Hooded penitent figures from different brotherhoods lead the elaborate processions and carry the the enormous and incredibly heavy floats on their shoulders. The floats gently sway in a ghostly fashion, an incredible emotional and solemn effort of camaraderie to support floats, which often weigh several tonnes. We were shown a float being prepared in Jerez which weighed one tonne and would be carried on the shoulders of forty people. There are exsisting floats weighing more than five tonnes and are carried by two hundred and fifty people. So important is Semana Santa in Spain we have heard bands practising, and seen balconies, streets, churches and floats being carefully prepared for weeks in advance.

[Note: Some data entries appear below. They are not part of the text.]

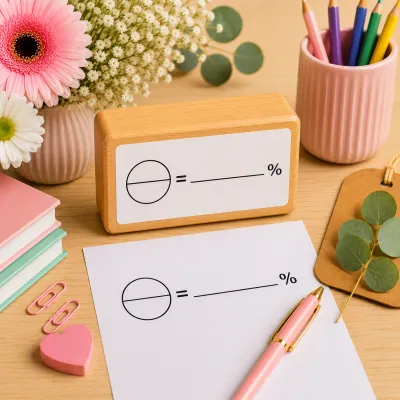 Wooden Teacher  Circle and Percentage Stamp Jozi Stamps webp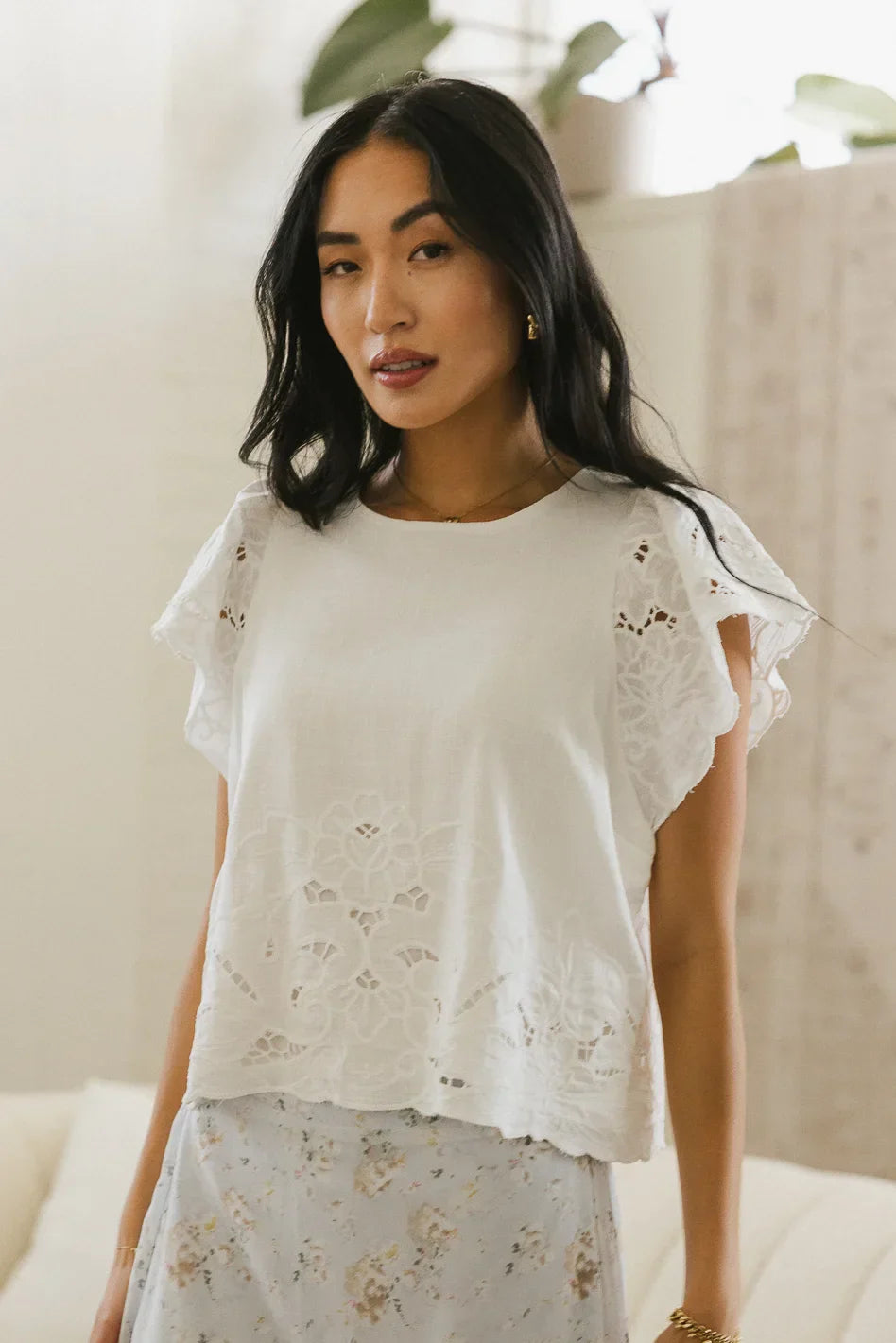 Myra Embroidered Blouse in Ivory - FINAL SALE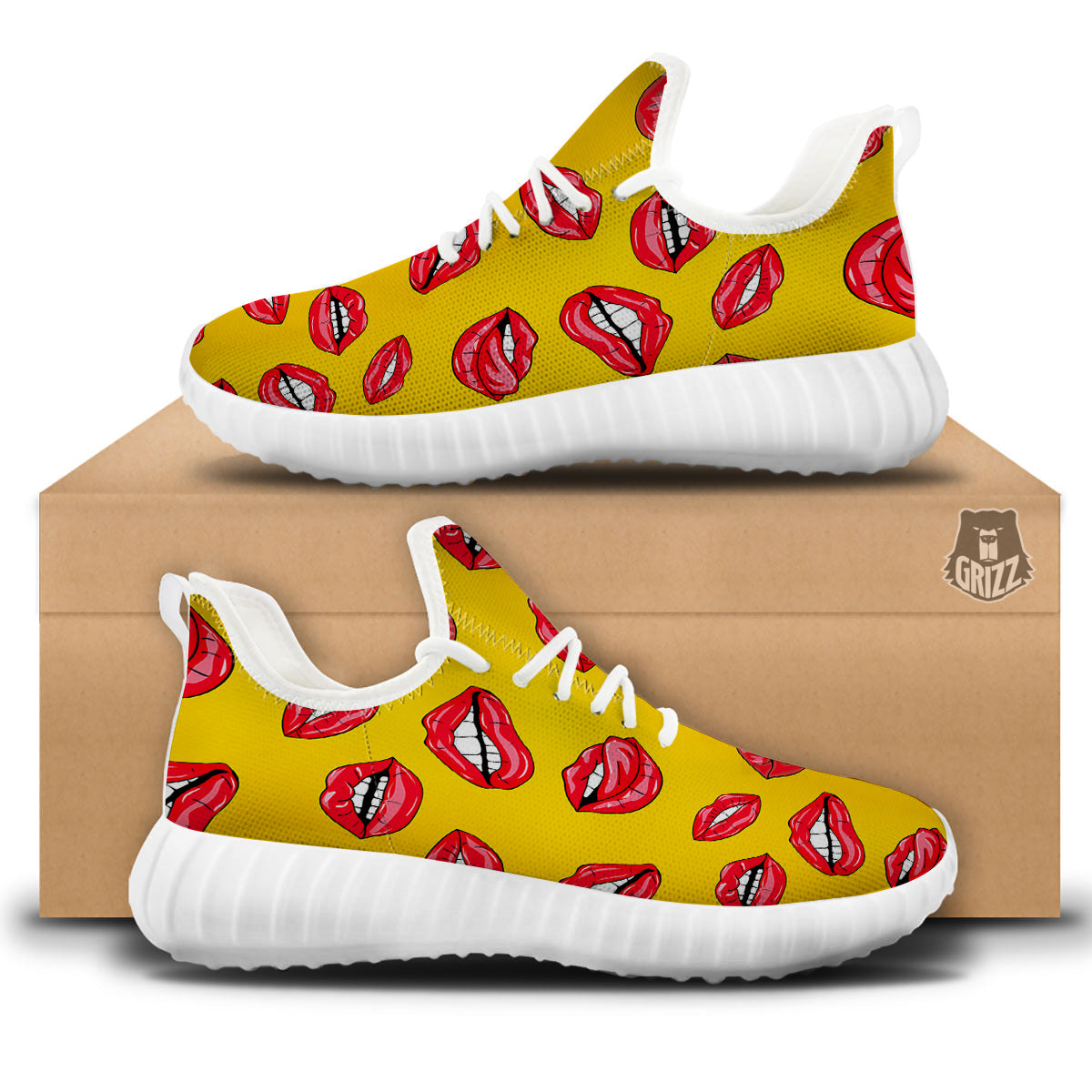 Wet Lips Print Pattern White Walking Shoes-grizzshop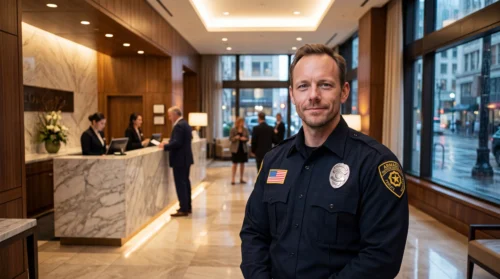 Hotel security San Francisco: Armada Security officer on post in a downtown hotel lobby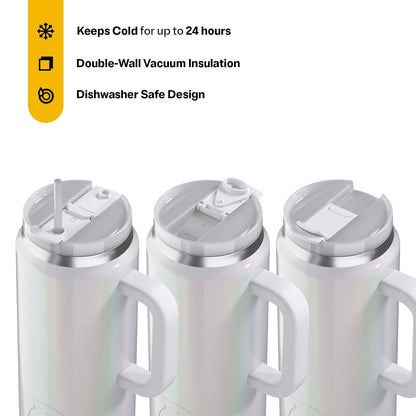 Lunabuddy™ 64 oz Ceramic Lined Road Trip Tumbler with Handle and Leak-Resistant Straw Lid, White Glitter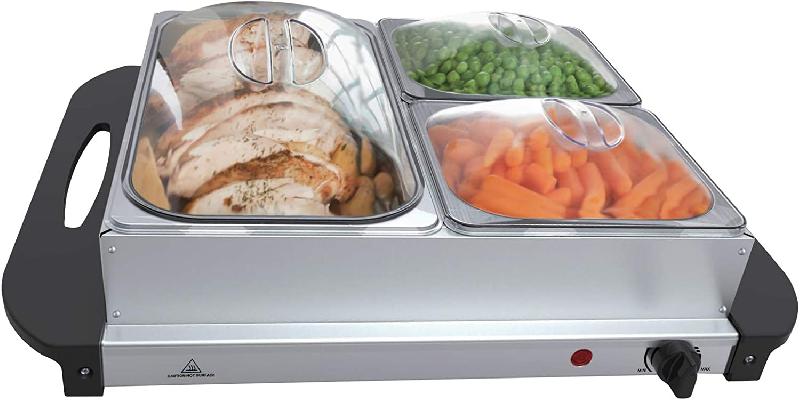 Chauffe-plats électrique en acier inoxydable - 1 x 2,5 L + 2 x 1 L - Maintien de température 40-85°C - Couvercles transparents - Modèles au choix - Chauffe buffet Chafing Dish 01_0001099_0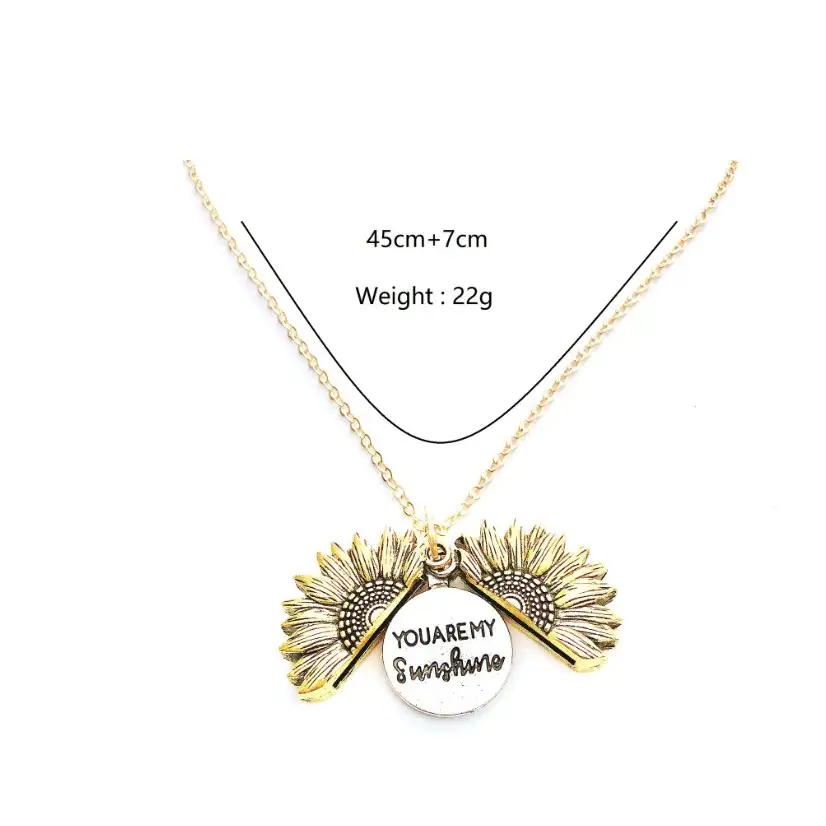 🌻 Sunflower Double Lettering Necklace ™ - women accessories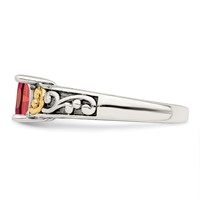 Sterling Silver Antiqued Ring with 14K 2-stone Mother's view 4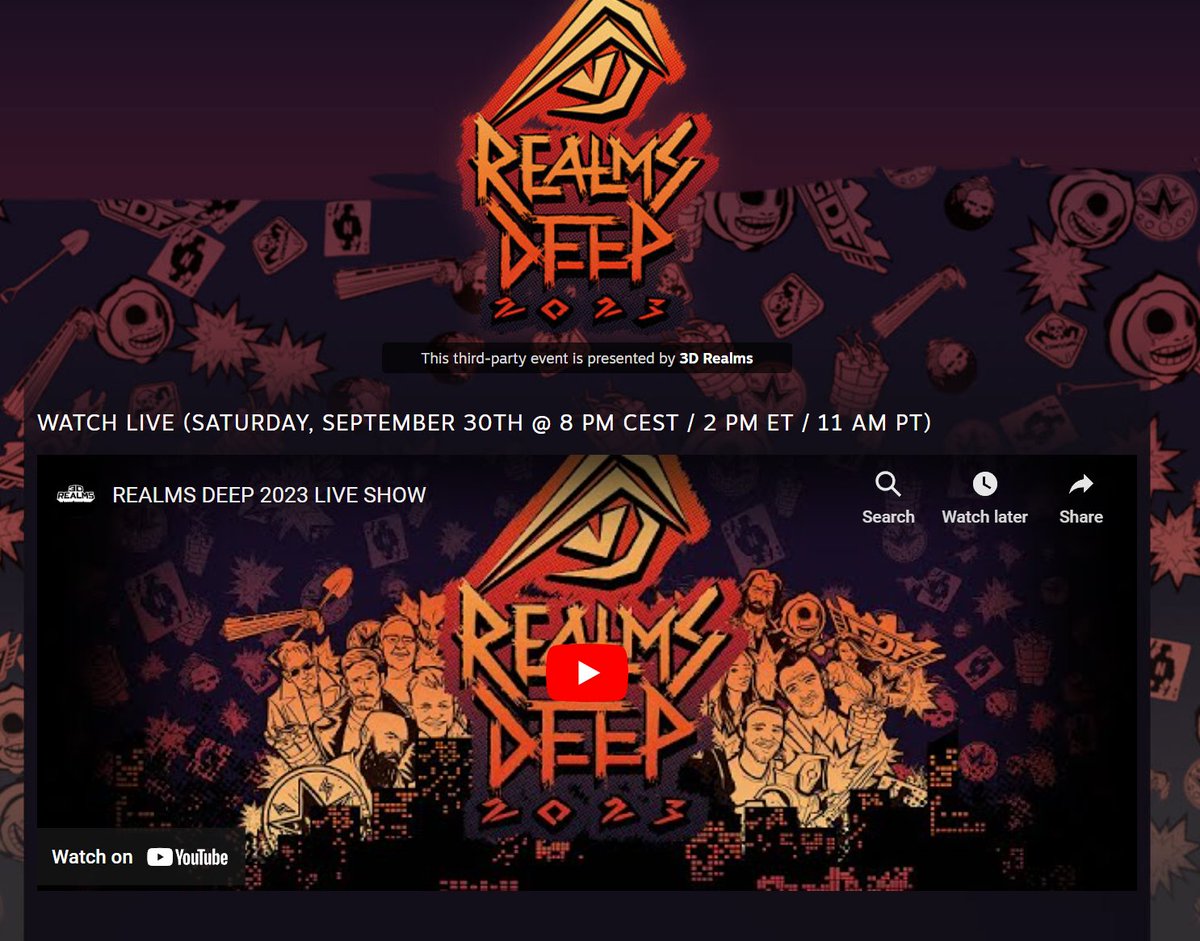 REALMS DEEP IS STARTING! WATCH IT LIVE ON THE STEAM PAGE WHICH I'LL BE UPDATING WITH NEW GAMES AS THEY GET ANNOUNCED! store.steampowered.com/sale/RealmsDee…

Previously we attended the Velez –Malaga Semana Santa, an amazing spectacle, in which you can line the streets and be a part of the procession rather than being a member of a huge crowd as in Seville and other cities. We were handed sugared almonds and watched the local children making balls of wax from the wax candle drippings in the street. This year we saw the palm Sunday procession in the fantastic coastal town of Mijas and the Maundy Thursday evening procession in Loja, both places in which you can imerse yourself, follow the band and stand beside the floats and witness the pain on the faces of those carrying their enormous burdens.
The atmosphere in Loja was electric, the cafés along the procession route were buzzing; as always an event in Spain is a family event, with so many families and friends of all ages socialising long into the night. We followed the processions route into the old incense filled narrow streets of Loja to see streets of elegant ladies dressed all in black each holding a candle each to form a passage way full of light and throw flower petals for the procession to walk through whilst the following band of drums, trumpets, horns and flutes played on mournfully.
Semana Santa, an unforgettable experience.